GIVEN RECORDS START

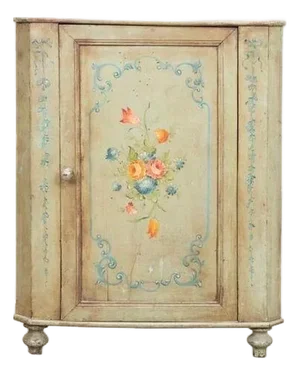 Antique Europe Provincial Floral Corner Cabinet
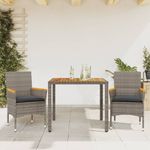 Casa si Gradina - Gradina si terasa - Mobilier exterior - Seturi mobila gradina - Set mobilier gradina cu perne 3 piese gri poliratan/lemn acacia - Infinity.ro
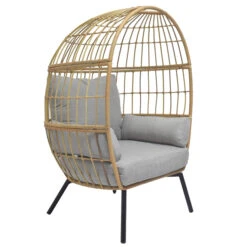 Chaise En Forme D'oeuf Atwood De Origin 21 Cadre En Métal Tissé Et Siège Rembourré Gris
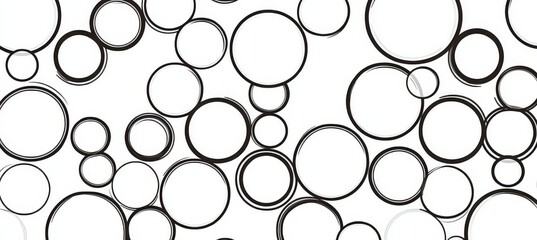 Wall Mural - seamless monochrome vector pattern of circles, minimalist design for fabric and wallpaper background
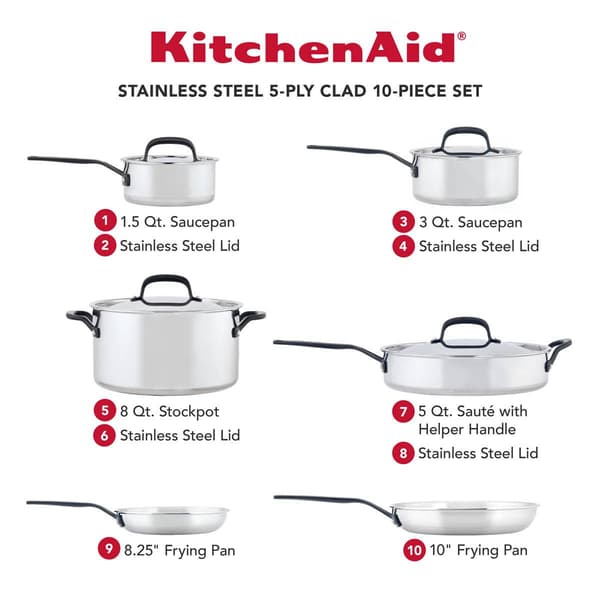 KitchenAid&#174; 10pc. Polished Stainless Steel Cookware Set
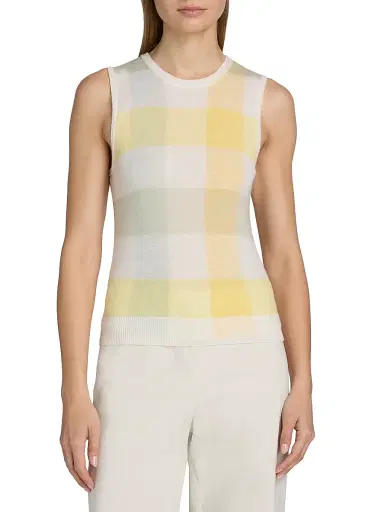 Vince Women's Plaid Wool Crewneck Sweater Vest | Thumbnail 3 Vince Women's Plaid Wool Crewneck Sweater Vest | Thumbnail 3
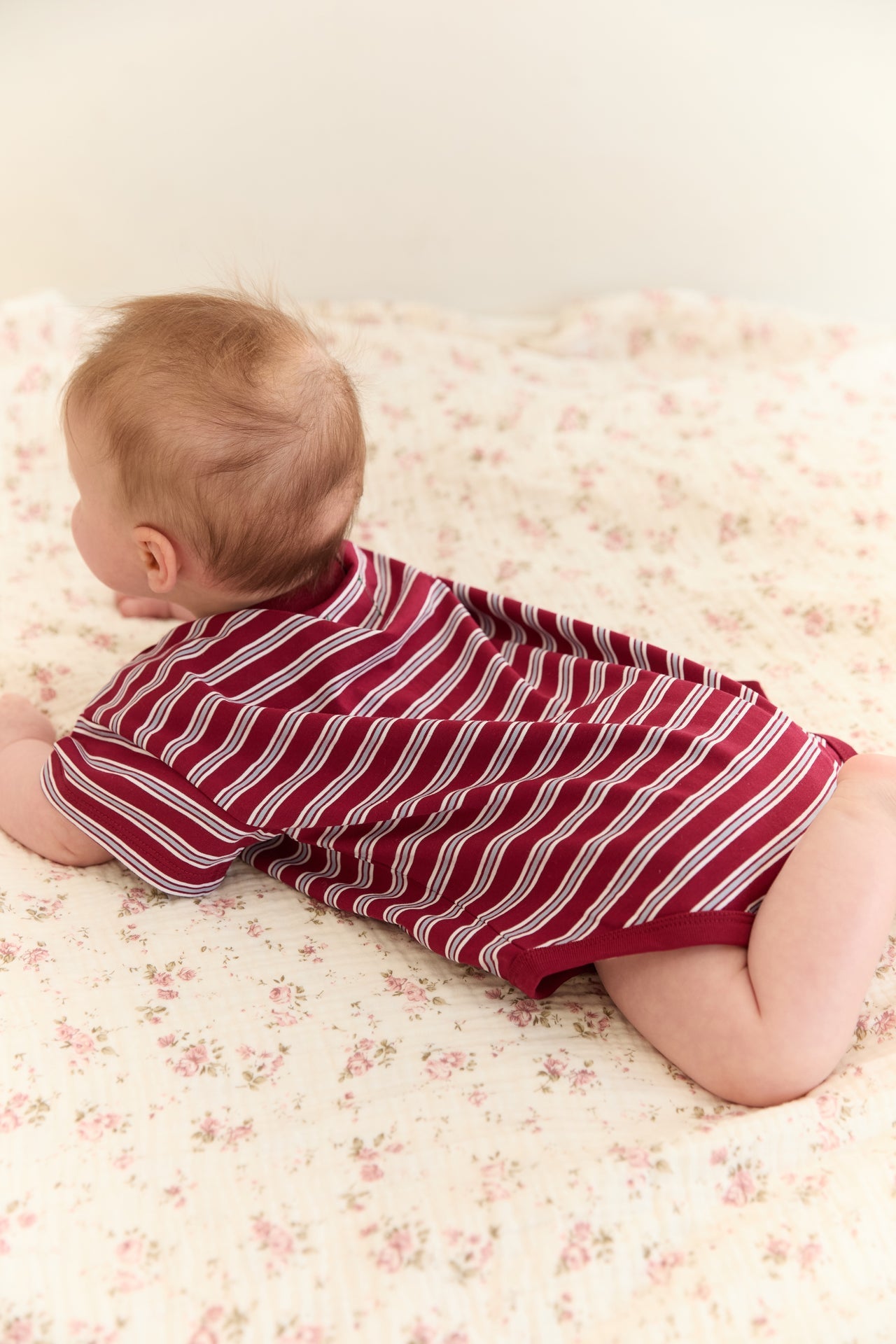 Riley T-Shirt Romper | Cherry Stripe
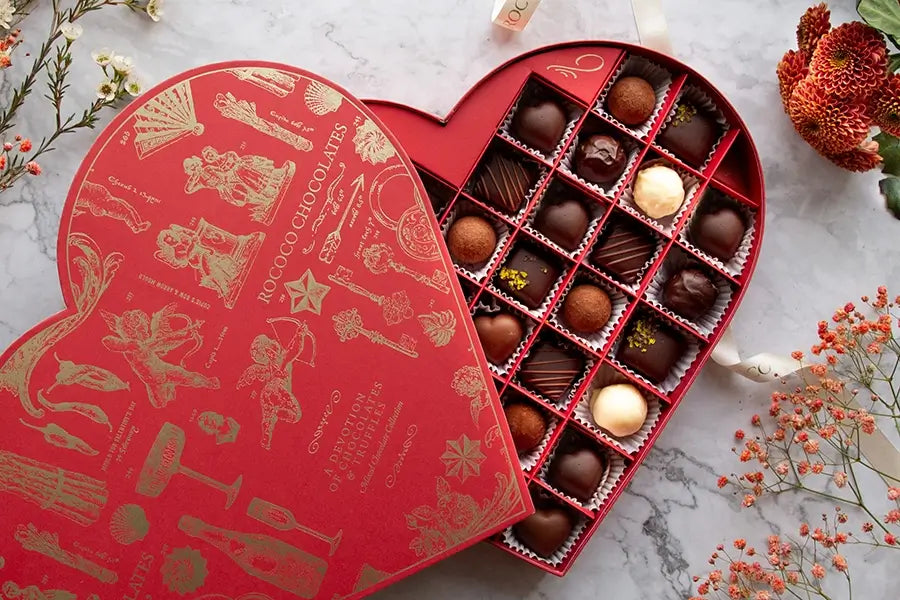 Rococo Chocolates Valentine's Day Heart Shaped Chocolate Selection Box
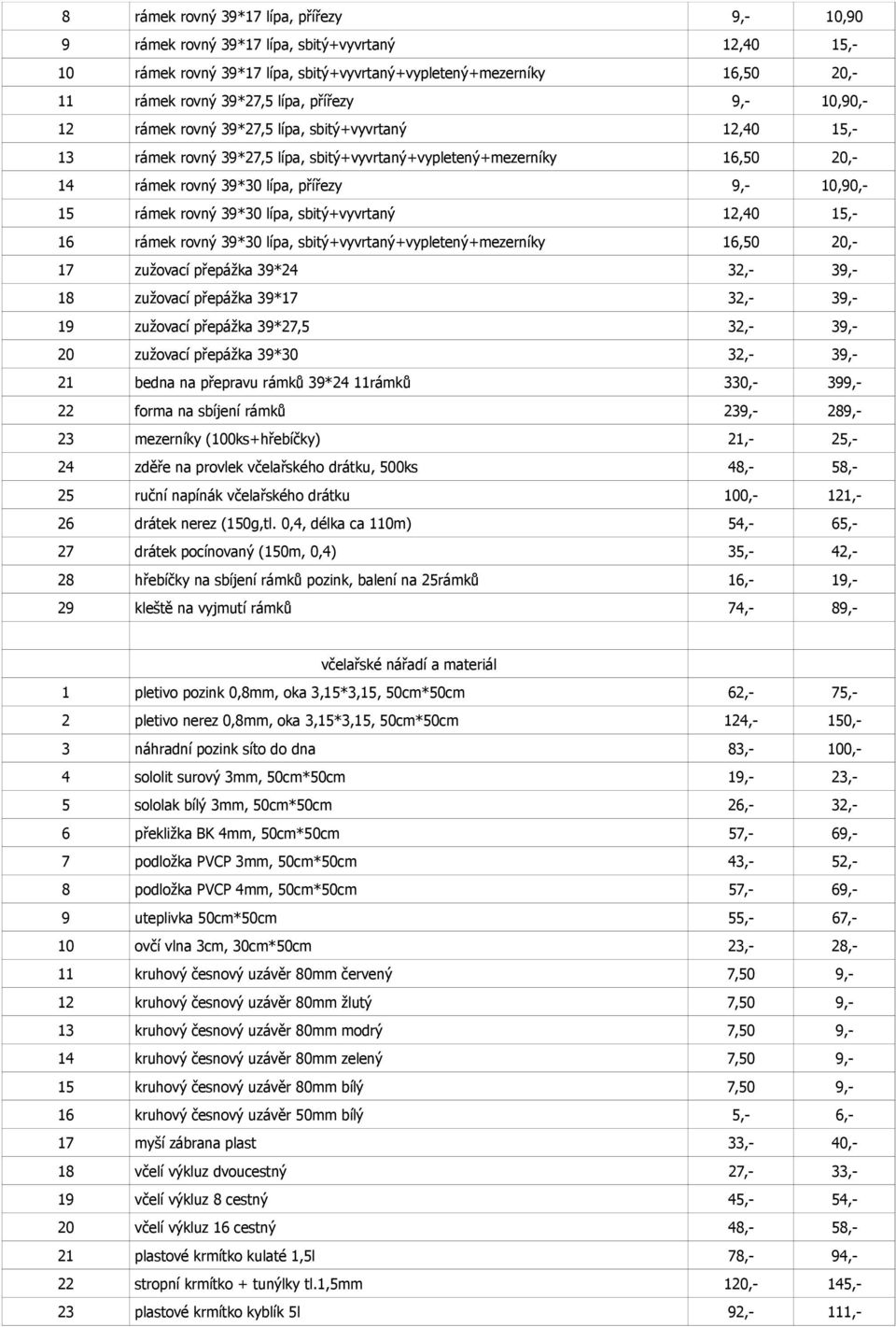 rámek rovný 39*30 lípa, sbitý+vyvrtaný 12,40 15,- 16 rámek rovný 39*30 lípa, sbitý+vyvrtaný+vypletený+mezerníky 16,50 20,- 17 zužovací přepážka 39*24 32,- 39,- 18 zužovací přepážka 39*17 32,- 39,- 19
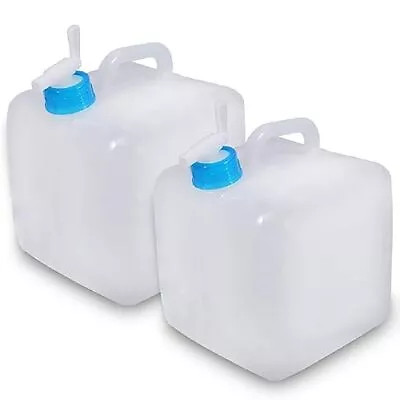 2 Pack 5.3 Gallon Collapsible Water Container With Spigot Portable Foldable • $31.73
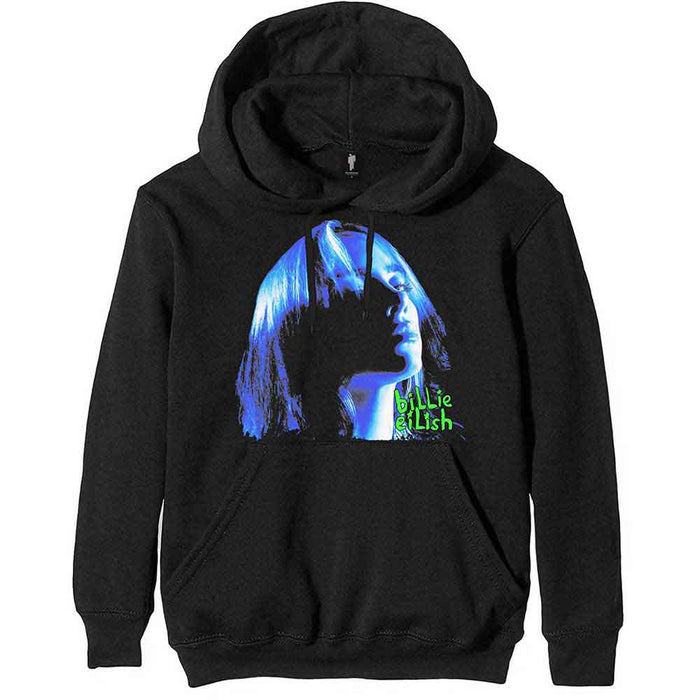 Billie Eilish Blue Neon Shadow Black Large Unisex Hoodie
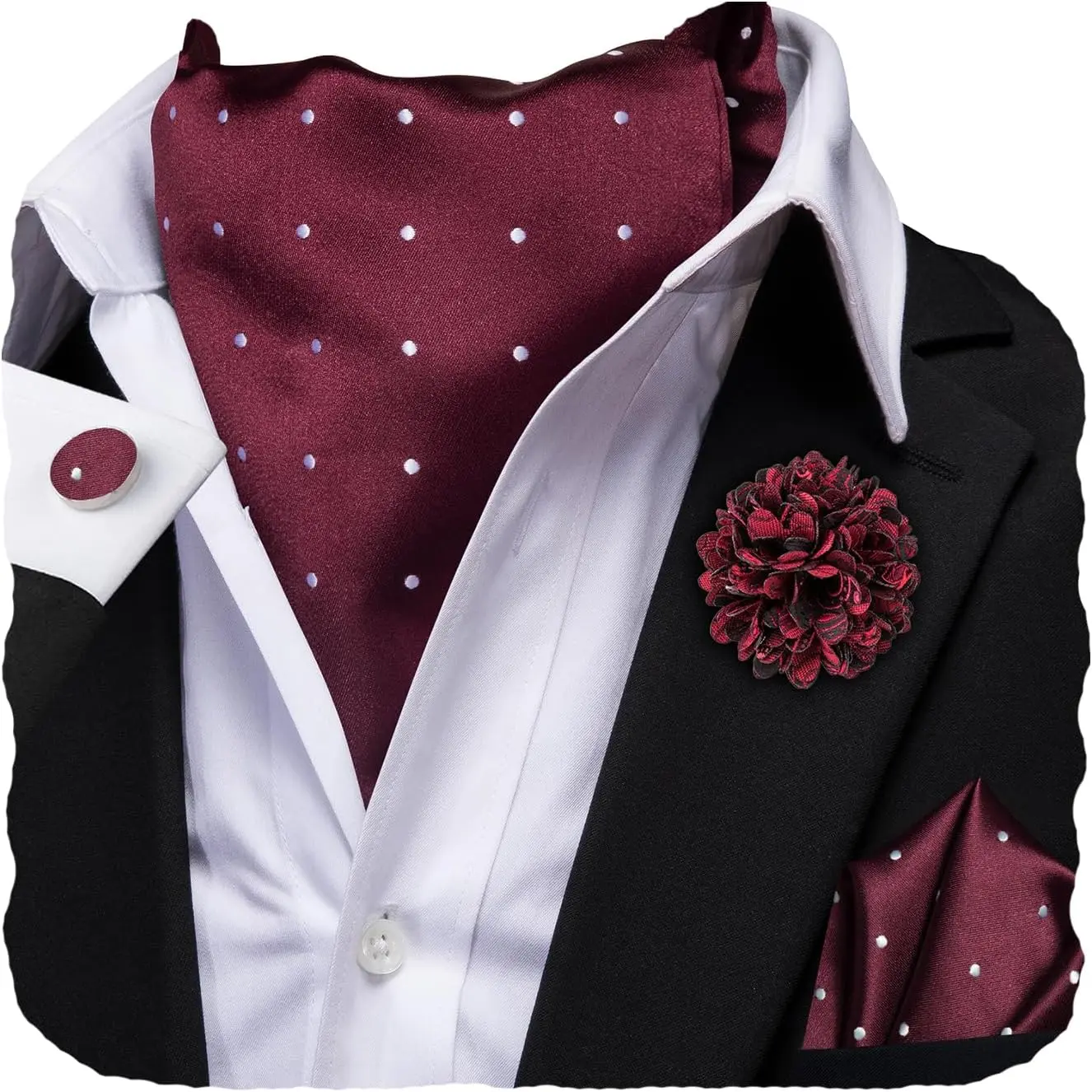 Hi-Tie Silk Ascot for Men Self Tie Men's Cravat and Flower Lapel Pin Handkerchief Cufflinks Set for Wedding Party
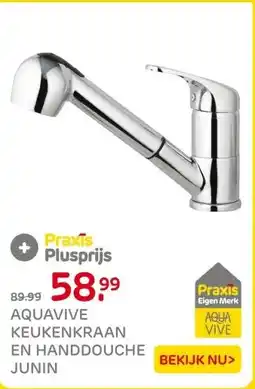 Praxis AQUAVIVE KEUKENKRAAN EN HANDDOUCHE JUNIN aanbieding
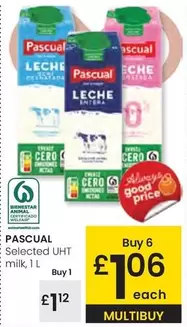 Oferta de Pascual - Selected UHT Milk por 1,12€ en Eroski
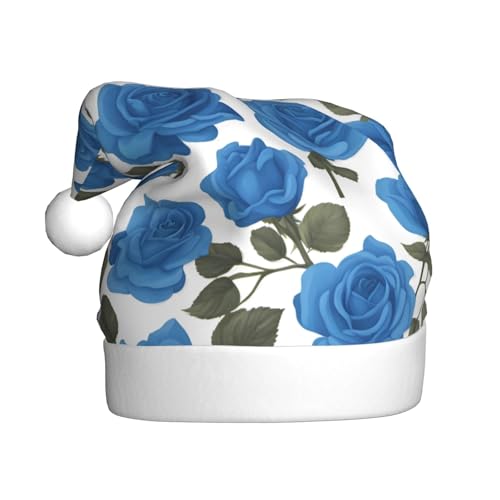 Schöne blaue Rosen, Plüsch-Weihnachtsmütze, bequeme Kopfbedeckung für Urlaubspartys und Eltern-Kind-Aktivitäten Schöne blaue Rosen, Plüsch-Weihnachtsmütze, bequeme Kopfbedeckung für Urlaubspartys und Eltern-Kind-Aktivitäten von BOAIHH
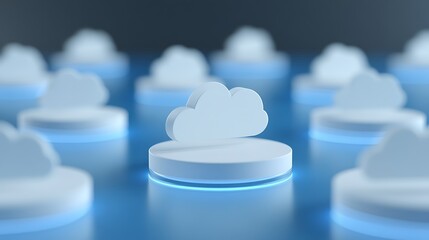 White Cloud Icon on Platform with Blue Glow in Abstract Digital Environment and Data Storage Concept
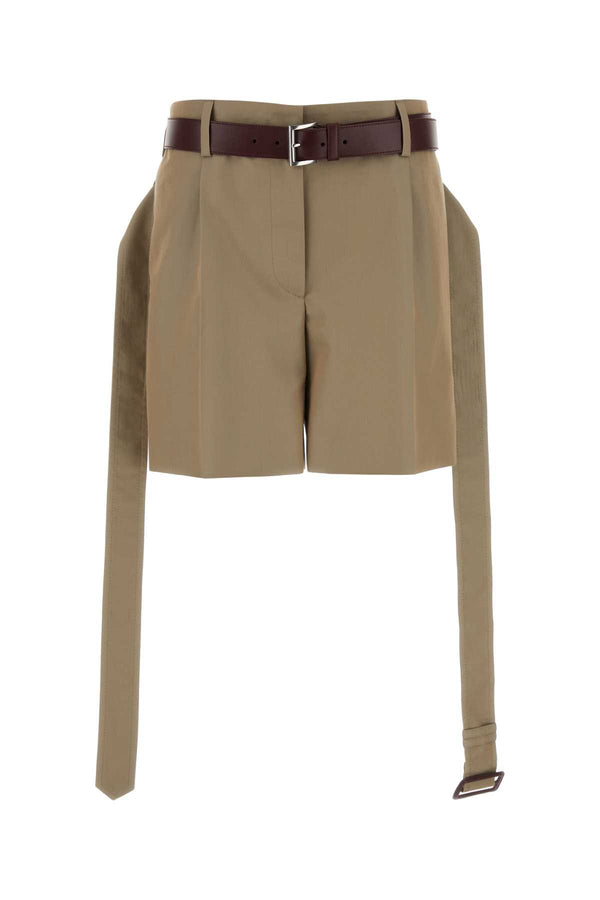 Prada 100% Cotton bermuda shorts in beige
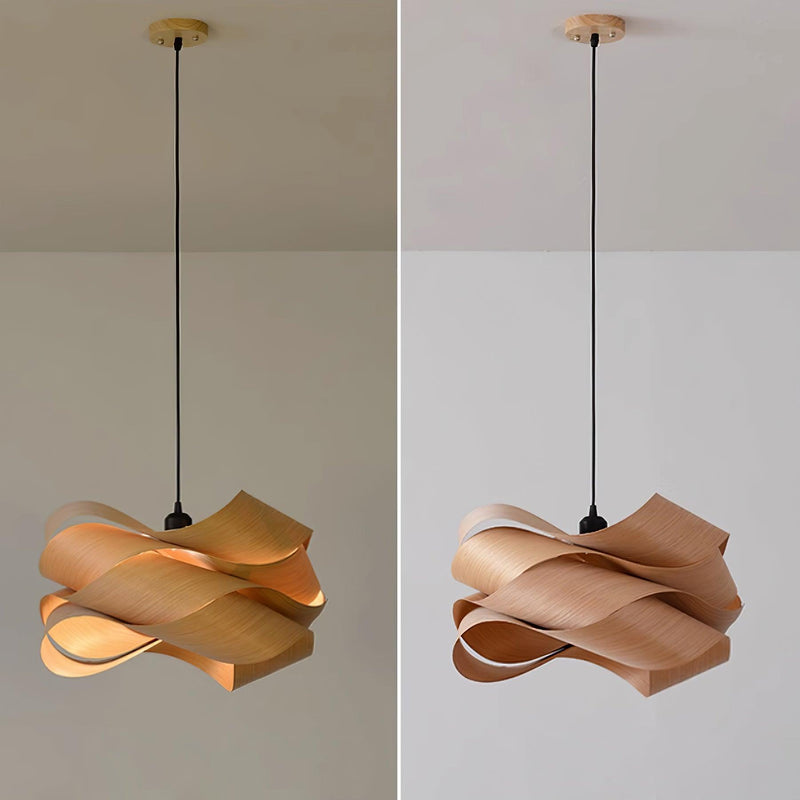 UmiWeave – Skulpturel Pendellampe med Indviklet Flettet Paneldesign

GIVEN RECORDS END

Start with the line above containing "rámek rovný 39*30 lípa, sbitý+vyvrtaný 12,40" and end with the line containing "2 Pack 5.3 Gallon". Set down that stretch exactly, without any pictures.

 rámek rovný 39*30 lípa, sbitý+vyvrtaný 12,40 15,- 16 rámek rovný 39*30 lípa, sbitý+vyvrtaný+vypletený+mezerníky 16,50 20,- 17 zužovací přepážka 39*24 32,- 39,- 18 zužovací přepážka 39*17 32,- 39,- 19
 2 Pack 5.3 Gallon Collapsible Water Container With Spigot Portable Foldable • $31.73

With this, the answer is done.